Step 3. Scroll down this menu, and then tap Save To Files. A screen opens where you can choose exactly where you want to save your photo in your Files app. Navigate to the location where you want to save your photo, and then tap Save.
--
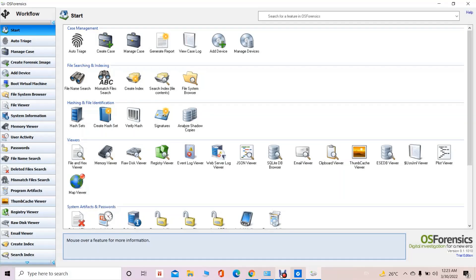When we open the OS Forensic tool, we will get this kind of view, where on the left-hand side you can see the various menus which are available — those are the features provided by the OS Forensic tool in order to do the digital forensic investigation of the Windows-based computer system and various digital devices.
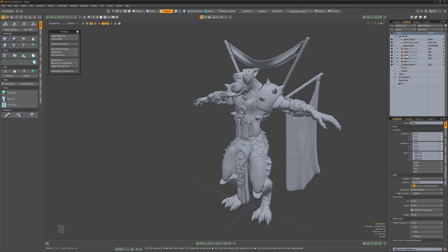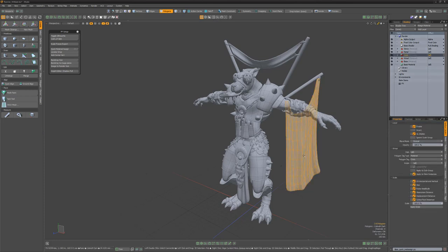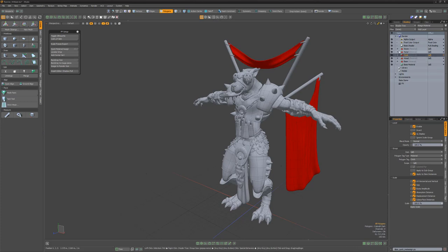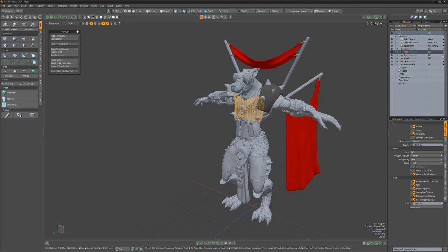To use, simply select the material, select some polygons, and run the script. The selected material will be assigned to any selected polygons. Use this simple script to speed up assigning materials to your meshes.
...
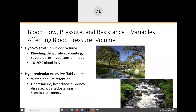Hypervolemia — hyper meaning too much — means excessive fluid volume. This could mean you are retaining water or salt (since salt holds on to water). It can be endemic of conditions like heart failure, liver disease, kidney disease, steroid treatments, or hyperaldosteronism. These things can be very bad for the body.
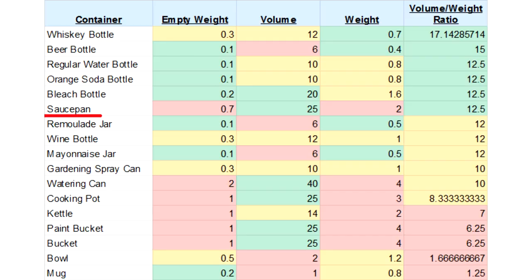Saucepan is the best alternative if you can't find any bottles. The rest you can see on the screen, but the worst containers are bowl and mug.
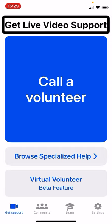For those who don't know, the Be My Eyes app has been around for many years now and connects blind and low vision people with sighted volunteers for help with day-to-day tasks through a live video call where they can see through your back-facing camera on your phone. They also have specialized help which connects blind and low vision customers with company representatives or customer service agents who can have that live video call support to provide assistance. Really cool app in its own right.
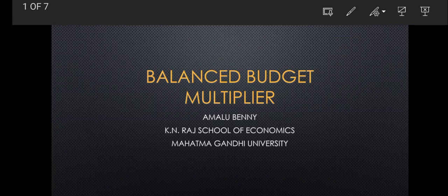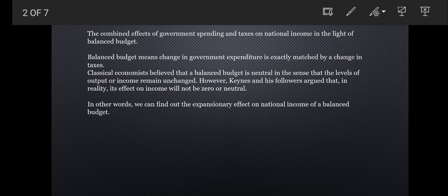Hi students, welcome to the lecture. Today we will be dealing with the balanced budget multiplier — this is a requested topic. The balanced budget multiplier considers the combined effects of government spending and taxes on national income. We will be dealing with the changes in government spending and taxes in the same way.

WORK REQUIRED: The copy should hold exactly the lines above from the one with "When we open" through the one with "To use, simply", both ends counted, and no pictures at all.

ANSWER BELOW:
When we open the OS Forensic tool, we will get this kind of view, where on the left-hand side you can see the various menus which are available — those are the features provided by the OS Forensic tool in order to do the digital forensic investigation of the Windows-based computer system and various digital devices.
To use, simply select the material, select some polygons, and run the script. The selected material will be assigned to any selected polygons. Use this simple script to speed up assigning materials to your meshes.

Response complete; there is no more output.